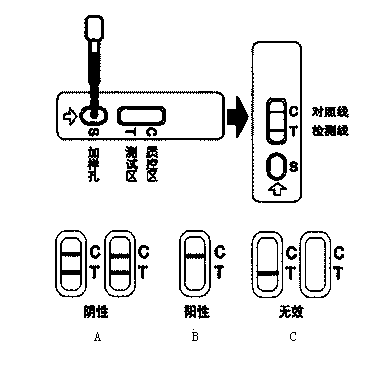 Preparation of semiquantitative and quick B-class trichothecenes toxin detection agent plate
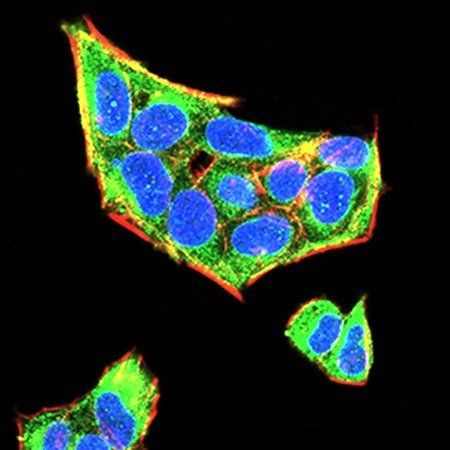 Rab5a Antibody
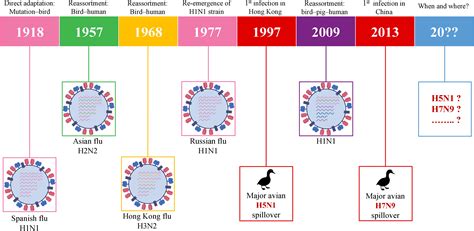 Frontiers | Promising strategy for developing mRNA-based universal influenza virus vaccine for ...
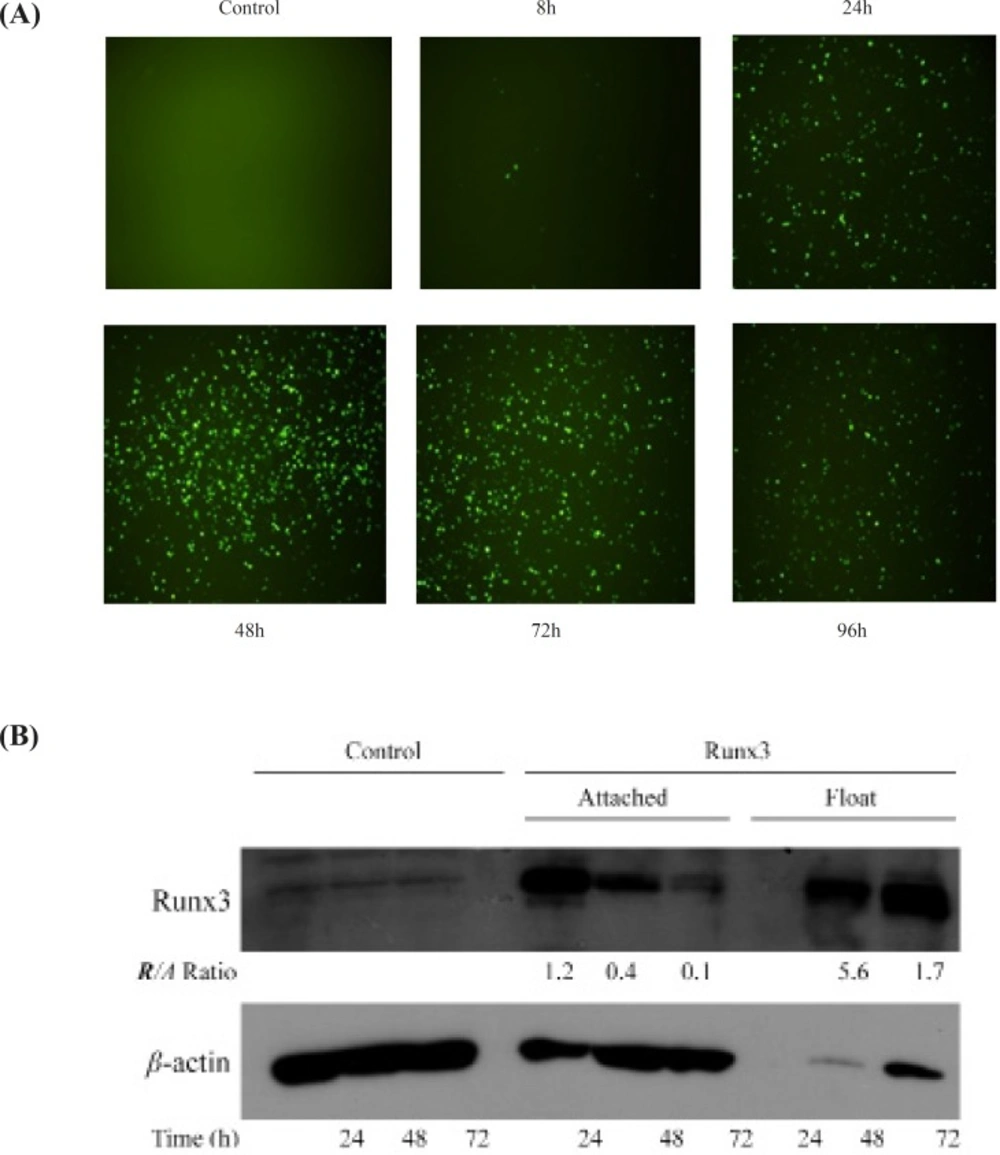 The expression of Runx3 in AGS cells AGS cells were transfected with Runx3/EGFP and compared with untransfected cells (Control). (A) The green fluorescent of EGFP expression was evaluated 8-96 h after transfection. (B) Runx3 protein expression was determined 24, 48 and 72 h after transfection by western blotting analysis in attached and floating cells. <i>β</i>-actin was used as internal control and expression ratios of Runx3 to <i>β</i>-actin (R/A) are shown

━━━━━━━━━━━━━━━━━━━━

:: REQUIRED ACTION ::
Pictures excluded, transcribe the listing above exactly from the line with "Rab5a Antibody" through the line with "Frontiers | Promising", and no further.

:: SOLUTION TO THIS EXERCISE ::
 Rab5a Antibody
 Frontiers | Promising strategy for developing mRNA-based universal influenza virus vaccine for ...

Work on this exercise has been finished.